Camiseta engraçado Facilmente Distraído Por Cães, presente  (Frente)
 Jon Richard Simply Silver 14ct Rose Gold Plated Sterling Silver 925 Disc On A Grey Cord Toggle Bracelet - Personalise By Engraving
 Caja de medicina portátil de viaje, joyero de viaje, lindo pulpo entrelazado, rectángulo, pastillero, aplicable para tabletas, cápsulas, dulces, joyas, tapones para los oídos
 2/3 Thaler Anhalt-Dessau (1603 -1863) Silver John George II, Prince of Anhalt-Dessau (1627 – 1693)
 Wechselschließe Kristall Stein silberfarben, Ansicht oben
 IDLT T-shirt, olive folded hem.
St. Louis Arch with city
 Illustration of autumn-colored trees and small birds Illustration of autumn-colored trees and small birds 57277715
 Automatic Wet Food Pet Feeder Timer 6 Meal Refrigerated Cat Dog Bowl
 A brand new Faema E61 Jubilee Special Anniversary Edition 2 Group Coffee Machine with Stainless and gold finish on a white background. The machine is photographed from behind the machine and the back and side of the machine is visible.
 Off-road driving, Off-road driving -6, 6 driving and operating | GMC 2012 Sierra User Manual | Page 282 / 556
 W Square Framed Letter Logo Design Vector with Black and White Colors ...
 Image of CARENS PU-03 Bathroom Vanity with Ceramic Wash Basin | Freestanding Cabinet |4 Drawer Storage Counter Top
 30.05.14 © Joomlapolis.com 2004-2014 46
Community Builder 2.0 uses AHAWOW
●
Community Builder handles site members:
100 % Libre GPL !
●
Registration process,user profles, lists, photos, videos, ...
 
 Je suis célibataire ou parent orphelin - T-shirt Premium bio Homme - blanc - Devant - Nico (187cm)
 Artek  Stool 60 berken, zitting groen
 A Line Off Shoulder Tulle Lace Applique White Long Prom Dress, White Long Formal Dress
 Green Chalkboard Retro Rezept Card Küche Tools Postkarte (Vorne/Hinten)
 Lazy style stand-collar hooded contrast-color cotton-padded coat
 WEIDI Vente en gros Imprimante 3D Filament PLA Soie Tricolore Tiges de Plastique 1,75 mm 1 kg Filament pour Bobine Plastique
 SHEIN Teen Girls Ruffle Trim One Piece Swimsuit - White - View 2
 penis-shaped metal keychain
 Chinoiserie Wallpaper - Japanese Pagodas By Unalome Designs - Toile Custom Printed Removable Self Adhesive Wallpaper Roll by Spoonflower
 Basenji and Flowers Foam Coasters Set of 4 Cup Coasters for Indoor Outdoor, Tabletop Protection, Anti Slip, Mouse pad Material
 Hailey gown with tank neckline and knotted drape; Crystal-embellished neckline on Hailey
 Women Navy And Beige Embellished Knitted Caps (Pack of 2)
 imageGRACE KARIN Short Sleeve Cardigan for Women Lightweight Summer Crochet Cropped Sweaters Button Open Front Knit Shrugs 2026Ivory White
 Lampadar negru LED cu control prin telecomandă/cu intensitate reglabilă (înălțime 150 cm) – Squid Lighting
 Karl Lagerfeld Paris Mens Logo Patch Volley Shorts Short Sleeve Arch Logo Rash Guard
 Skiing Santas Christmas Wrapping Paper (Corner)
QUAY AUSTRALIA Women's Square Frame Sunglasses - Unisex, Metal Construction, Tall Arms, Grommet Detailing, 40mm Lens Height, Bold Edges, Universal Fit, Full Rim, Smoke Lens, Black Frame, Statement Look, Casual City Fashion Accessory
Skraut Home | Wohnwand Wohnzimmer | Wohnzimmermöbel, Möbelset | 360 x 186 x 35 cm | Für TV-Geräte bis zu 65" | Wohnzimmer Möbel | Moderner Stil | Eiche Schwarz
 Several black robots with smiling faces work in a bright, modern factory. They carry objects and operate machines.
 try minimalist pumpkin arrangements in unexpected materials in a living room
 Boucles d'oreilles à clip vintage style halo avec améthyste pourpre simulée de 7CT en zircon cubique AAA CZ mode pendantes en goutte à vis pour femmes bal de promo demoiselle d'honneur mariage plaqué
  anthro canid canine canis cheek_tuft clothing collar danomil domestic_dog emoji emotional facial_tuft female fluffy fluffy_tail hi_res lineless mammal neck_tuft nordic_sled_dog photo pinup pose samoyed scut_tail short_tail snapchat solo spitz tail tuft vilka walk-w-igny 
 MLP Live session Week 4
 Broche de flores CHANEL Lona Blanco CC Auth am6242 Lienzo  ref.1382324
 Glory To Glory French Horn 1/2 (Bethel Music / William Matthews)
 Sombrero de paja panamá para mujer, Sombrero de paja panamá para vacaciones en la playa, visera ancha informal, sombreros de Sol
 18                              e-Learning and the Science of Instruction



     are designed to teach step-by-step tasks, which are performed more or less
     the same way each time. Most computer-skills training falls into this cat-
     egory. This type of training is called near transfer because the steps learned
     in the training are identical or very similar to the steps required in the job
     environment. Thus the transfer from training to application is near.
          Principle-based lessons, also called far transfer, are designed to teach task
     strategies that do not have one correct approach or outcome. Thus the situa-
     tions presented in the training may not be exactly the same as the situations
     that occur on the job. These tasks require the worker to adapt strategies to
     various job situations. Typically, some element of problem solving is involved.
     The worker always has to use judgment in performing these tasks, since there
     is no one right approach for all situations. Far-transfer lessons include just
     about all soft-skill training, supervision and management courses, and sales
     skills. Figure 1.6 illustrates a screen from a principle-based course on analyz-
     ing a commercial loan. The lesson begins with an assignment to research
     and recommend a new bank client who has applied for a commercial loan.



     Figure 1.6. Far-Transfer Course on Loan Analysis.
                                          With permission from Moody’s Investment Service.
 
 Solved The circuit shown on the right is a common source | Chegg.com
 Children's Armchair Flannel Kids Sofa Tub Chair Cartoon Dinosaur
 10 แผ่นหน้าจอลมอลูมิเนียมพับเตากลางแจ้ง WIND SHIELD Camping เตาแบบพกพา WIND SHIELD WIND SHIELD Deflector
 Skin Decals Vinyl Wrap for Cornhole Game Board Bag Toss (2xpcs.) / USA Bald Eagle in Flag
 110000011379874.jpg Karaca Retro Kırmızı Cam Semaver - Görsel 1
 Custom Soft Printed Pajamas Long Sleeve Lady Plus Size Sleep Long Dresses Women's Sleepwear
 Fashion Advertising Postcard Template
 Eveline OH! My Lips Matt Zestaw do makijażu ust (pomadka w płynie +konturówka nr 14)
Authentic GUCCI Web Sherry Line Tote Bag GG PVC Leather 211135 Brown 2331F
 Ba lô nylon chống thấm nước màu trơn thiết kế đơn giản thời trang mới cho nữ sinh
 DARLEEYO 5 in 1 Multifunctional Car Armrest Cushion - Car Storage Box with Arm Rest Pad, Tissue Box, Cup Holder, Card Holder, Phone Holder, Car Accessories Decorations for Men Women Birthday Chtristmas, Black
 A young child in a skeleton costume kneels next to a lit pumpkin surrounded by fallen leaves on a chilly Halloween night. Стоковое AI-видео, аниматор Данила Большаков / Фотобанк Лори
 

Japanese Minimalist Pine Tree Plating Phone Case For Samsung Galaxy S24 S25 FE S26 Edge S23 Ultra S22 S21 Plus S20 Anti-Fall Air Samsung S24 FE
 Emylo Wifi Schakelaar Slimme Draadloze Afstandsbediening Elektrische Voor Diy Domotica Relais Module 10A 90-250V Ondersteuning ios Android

* * *

All lines with the word "Phone" are needed; pull them from the entries and copy each.

 DARLEEYO 5 in 1 Multifunctional Car Armrest Cushion - Car Storage Box with Arm Rest Pad, Tissue Box, Cup Holder, Card Holder, Phone Holder, Car Accessories Decorations for Men Women Birthday Chtristmas, Black
Japanese Minimalist Pine Tree Plating Phone Case For Samsung Galaxy S24 S25 FE S26 Edge S23 Ultra S22 S21 Plus S20 Anti-Fall Air Samsung S24 FE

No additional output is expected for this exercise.